■ **Exercise goal**
Go over the entries and report the lines where the word "since" occurs.

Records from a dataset
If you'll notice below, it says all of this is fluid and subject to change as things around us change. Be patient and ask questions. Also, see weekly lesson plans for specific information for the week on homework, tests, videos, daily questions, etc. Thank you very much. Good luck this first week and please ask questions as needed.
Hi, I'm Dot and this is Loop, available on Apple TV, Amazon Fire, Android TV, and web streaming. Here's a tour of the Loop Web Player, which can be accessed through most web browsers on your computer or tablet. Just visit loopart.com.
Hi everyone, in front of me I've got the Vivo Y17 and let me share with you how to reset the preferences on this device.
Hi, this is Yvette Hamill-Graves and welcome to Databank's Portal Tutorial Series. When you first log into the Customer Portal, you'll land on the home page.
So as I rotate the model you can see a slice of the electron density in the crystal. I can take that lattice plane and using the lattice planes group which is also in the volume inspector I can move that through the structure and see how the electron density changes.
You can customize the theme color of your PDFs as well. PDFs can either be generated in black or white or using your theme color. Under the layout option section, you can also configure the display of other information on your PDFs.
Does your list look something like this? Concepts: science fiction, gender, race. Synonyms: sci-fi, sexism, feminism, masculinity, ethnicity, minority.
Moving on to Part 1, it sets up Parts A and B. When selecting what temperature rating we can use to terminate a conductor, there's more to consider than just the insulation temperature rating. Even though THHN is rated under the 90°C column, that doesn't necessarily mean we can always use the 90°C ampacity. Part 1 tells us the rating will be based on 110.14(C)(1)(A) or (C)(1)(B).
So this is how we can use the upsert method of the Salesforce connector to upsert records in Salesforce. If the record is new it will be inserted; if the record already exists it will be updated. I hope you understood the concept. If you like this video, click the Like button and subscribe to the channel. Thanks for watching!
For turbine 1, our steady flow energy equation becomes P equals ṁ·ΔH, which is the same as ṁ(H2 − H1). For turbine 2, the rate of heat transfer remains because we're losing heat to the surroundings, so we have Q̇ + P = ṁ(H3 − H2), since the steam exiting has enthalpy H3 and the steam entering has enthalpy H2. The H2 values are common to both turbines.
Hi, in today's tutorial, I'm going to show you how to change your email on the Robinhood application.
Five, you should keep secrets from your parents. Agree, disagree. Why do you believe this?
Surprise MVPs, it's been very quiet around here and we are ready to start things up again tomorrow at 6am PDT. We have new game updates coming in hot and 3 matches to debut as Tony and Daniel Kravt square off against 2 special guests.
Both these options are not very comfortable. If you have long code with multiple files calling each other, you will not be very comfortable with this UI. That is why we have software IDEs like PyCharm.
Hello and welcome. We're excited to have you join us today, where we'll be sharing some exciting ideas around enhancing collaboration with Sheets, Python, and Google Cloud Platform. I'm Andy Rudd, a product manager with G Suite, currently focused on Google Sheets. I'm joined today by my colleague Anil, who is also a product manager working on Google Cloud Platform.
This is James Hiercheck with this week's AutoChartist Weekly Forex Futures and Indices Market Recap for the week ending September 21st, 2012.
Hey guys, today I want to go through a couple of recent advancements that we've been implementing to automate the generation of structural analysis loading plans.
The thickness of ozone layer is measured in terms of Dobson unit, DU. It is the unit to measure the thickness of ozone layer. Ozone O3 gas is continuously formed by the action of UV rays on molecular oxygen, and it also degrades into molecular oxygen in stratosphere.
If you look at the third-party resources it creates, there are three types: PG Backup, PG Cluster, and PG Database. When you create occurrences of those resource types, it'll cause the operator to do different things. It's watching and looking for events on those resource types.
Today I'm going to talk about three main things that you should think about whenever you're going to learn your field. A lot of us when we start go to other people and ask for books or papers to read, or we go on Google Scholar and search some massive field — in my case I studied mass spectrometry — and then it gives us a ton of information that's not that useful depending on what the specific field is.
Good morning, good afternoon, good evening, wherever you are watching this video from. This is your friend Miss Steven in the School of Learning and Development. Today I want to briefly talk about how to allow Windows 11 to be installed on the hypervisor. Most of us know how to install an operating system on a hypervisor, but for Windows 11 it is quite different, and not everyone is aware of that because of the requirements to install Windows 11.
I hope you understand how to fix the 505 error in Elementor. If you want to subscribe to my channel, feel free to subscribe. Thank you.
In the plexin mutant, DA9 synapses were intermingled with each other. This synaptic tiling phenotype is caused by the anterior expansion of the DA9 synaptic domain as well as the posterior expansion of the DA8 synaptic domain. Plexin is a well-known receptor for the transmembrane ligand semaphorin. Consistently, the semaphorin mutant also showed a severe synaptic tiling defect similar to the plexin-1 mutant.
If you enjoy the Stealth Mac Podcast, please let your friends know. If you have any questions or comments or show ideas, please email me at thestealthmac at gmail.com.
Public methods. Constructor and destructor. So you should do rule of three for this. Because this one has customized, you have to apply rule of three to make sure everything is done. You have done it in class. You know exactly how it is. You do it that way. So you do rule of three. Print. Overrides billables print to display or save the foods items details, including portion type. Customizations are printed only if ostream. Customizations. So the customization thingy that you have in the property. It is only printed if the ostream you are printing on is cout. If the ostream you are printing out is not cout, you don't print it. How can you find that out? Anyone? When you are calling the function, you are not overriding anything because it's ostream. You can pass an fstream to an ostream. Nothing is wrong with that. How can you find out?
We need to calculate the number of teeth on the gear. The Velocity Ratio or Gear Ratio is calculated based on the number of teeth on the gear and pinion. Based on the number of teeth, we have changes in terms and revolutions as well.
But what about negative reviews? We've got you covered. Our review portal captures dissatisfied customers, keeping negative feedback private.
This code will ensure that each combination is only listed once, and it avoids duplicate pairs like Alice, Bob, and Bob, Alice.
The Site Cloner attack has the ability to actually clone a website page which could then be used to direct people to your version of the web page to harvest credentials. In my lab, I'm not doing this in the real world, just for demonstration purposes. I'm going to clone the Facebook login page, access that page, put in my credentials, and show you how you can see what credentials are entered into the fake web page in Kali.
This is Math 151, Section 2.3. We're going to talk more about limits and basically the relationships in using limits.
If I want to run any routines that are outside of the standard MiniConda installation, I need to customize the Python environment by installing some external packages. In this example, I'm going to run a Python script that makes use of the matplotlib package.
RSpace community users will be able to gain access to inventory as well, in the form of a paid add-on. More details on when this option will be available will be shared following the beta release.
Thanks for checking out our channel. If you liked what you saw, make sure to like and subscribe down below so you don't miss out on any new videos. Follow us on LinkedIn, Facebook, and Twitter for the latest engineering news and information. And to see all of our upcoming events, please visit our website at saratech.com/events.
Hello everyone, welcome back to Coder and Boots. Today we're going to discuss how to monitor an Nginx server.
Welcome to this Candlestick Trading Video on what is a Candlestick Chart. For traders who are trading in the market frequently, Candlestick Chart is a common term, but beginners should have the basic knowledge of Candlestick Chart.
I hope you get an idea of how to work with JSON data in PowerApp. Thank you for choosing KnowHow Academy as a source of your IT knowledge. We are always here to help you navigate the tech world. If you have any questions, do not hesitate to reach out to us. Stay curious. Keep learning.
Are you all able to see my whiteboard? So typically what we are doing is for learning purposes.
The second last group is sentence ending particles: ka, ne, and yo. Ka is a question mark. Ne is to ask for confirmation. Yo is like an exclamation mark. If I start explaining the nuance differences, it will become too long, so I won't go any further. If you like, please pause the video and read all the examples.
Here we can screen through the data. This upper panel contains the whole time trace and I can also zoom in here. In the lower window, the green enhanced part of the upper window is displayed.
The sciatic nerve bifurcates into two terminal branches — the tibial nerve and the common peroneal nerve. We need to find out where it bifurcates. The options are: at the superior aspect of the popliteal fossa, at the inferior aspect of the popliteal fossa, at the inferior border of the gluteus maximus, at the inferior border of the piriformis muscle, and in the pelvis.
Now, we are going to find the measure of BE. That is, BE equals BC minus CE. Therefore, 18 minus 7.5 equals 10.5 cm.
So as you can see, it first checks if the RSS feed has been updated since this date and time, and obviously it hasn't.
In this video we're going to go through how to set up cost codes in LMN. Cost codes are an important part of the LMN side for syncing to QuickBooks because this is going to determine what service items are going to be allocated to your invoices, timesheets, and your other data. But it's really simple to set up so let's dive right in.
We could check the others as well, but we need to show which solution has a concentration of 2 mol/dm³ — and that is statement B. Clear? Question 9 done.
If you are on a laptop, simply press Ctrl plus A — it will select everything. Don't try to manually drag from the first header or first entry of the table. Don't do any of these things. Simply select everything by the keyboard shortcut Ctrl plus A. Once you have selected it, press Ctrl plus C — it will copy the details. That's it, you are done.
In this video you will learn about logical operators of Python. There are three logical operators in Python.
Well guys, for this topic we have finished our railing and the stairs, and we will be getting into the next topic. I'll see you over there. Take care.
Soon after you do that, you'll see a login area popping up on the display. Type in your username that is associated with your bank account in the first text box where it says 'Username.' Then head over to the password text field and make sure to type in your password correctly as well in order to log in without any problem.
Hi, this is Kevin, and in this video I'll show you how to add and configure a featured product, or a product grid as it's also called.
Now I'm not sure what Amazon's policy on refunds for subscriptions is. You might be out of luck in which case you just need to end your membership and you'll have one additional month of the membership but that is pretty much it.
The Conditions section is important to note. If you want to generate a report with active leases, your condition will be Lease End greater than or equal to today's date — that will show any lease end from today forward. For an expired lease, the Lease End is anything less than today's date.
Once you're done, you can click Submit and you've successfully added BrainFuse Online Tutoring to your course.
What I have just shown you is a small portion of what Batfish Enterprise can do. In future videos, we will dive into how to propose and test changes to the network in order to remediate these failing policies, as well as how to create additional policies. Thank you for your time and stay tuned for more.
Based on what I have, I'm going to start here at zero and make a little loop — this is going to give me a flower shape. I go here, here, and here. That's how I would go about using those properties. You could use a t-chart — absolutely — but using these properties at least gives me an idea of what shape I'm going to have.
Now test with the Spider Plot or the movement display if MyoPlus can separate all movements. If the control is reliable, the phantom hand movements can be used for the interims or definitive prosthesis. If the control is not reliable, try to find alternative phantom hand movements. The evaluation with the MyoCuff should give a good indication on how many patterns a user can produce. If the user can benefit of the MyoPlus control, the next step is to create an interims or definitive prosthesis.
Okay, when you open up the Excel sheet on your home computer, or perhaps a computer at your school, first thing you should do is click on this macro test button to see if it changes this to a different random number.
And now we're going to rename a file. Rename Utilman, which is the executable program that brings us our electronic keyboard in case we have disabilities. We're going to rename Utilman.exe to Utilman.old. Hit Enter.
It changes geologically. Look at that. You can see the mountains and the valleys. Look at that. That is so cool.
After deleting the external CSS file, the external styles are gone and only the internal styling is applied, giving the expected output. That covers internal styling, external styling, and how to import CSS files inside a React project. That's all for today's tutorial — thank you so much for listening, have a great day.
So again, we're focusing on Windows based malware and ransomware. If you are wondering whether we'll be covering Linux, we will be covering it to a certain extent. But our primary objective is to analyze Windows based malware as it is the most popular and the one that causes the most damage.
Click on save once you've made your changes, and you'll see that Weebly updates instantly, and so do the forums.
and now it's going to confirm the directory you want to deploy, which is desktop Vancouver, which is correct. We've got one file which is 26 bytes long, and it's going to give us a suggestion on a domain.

■ **Exercise response**
For turbine 1, our steady flow energy equation becomes P equals ṁ·ΔH, which is the same as ṁ(H2 − H1). For turbine 2, the rate of heat transfer remains because we're losing heat to the surroundings, so we have Q̇ + P = ṁ(H3 − H2), since the steam exiting has enthalpy H3 and the steam entering has enthalpy H2. The H2 values are common to both turbines.
So as you can see, it first checks if the RSS feed has been updated since this date and time, and obviously it hasn't.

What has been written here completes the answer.